Alex Phillimore Alex Phillimore: (alex.phillimore-deleteme[at]-deleteme-direman [dot] com) 2014-06-22 05:18:28

The Sony Game I'd Most Like to See a Sequel To...


At E3 a lot of cool games were announced - but sadly, few of them were particularly unique or quirky. A lot relied on fairly predictable themes and franchises - Assassin's Creed, The Witcher 3 etc. - and few seemed to really be doing anything 'new'. I can't help but look to Sony and wish they had announced more titles in the vein of Rain or Journey - wonderful exclusives with unique ideas and endlessly entertaining gameplay. While these games will no doubt start coming out once the system has a few years under its belt, the lack of compelling original titles left me feeling a little bit deflated.

If there's one game I'd like to see Sony give a sequel to, it would be Tokyo Jungle, a game I had nothing but good things to say about when it released. The game is one of the most unique and interesting I think I've ever played, and playing it with another person is a frantic experience that gets your heart pumping in a wonderful way. This is a genuine survival game - a game where you cannot stand still for even a moment because something is hunting you, and the threat of extinction looms around every corner. You need to capture territory, reproduce and hunt at a consistent rate or you die.
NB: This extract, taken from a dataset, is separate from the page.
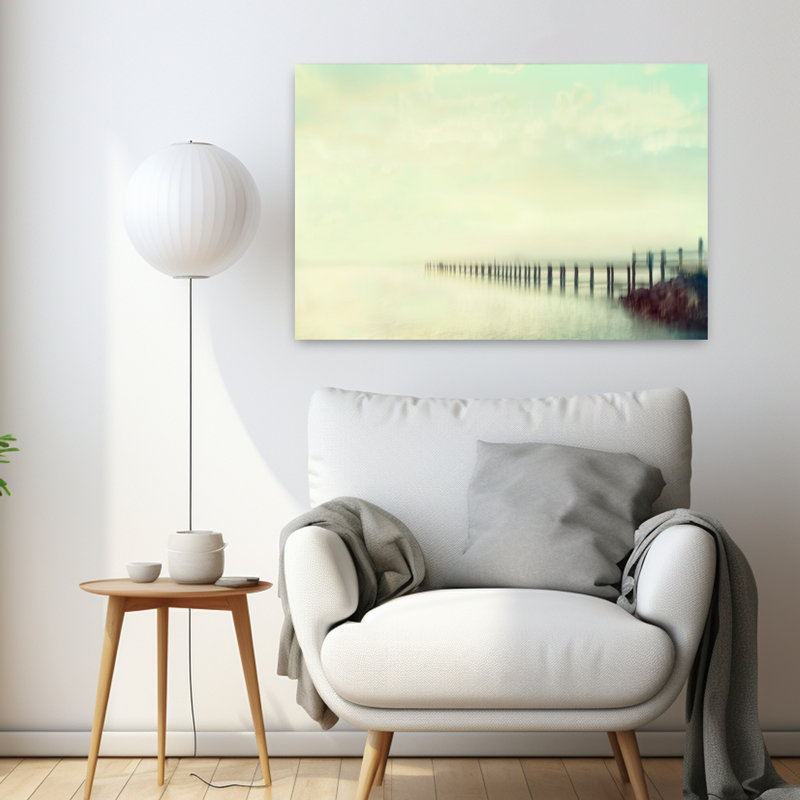 Coucher de soleil sur la plage, pont, abstrait, éthéré, paysage marin tranquille, art architectural, H 24 po x l 36 po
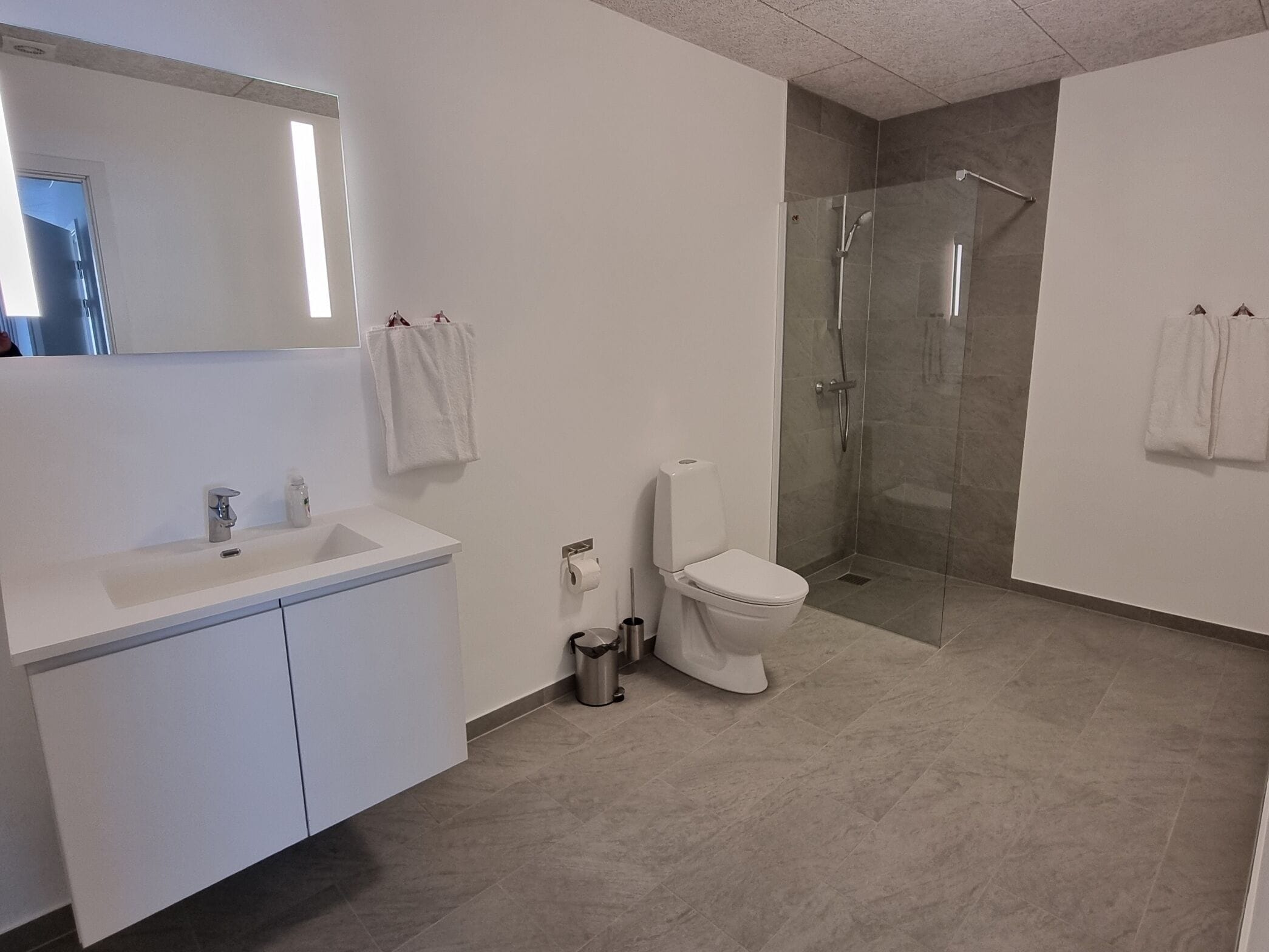 Moderni kylpyhuone, jossa on valkoinen pesuallas, wc ja suihku.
I don't think I've ever played a game before that is so relentless in its design and so rewarding when you manage to wipe out another species on the map as you battle for control of Tokyo.

The game also features a Japanese businessman as a playable character, who forages for food on his hands and knees and vocalises his excitement in a way that never gets old. For a sequel, if the studio could incorporate an online mode, I genuinely think I'd play this game all the time. It's a game that demands to be played in co-op, but with local the only option in the current game, it's not something I can play whenever I want. Playing with other players around the world, who may have drastically different survival strategies, would make this a game I would keep coming back to.

While not a huge IP by any means, I really hope we haven't seen the last of Tokyo Jungle. I would highly recommend it to anyone who owns a Playstation 3 and hasn't yet dipped into it - I can guarantee it's unlike anything else you will have played and while there's a steep learning curve, it's an immensely satisfying and hilarious game that takes risks that the industry at large often neglects to do nowadays.